---- Supplied material

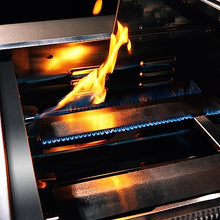TrueFlame 32-Inch 4 Burner Propane Gas Grill, 66,000 BTU, Grill Lights
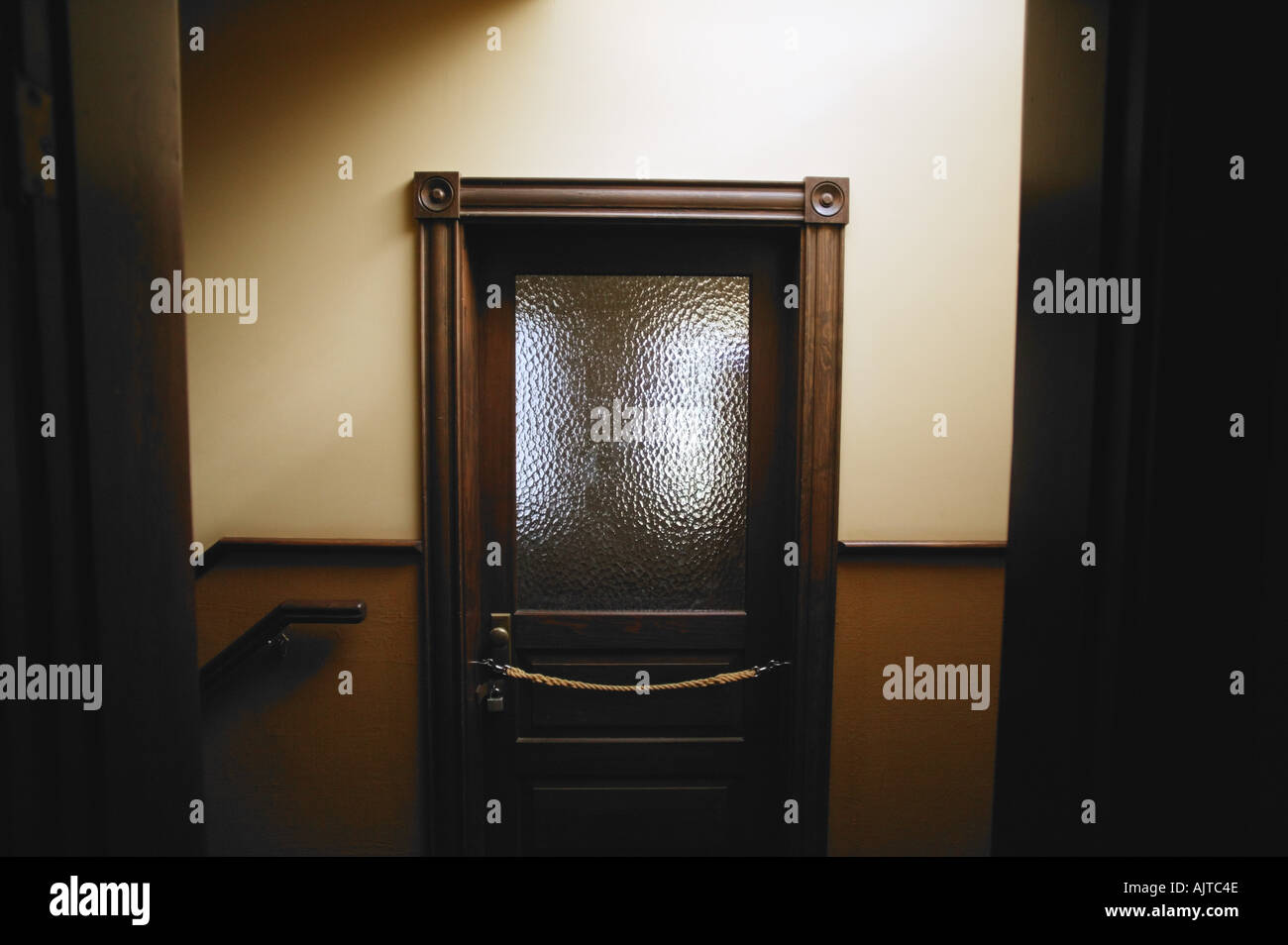 Old fashioned style door hi-res stock photography and images - Alamy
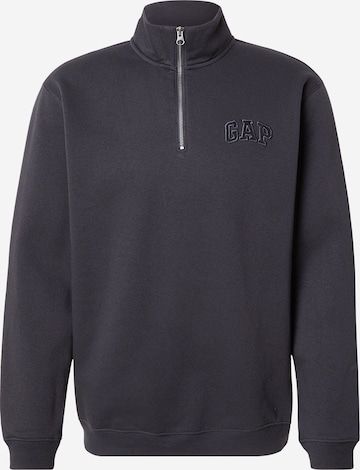 GAP - Sudadera 'HERITAGE' en negro: frente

--------

To answer, repeat exactly the lines from the line containing "Old fashioned style" through the last line of the data above, leaving out all pictures.

 Old fashioned style door hi-res stock photography and images - Alamy
 GAP - Sudadera 'HERITAGE' en negro: frente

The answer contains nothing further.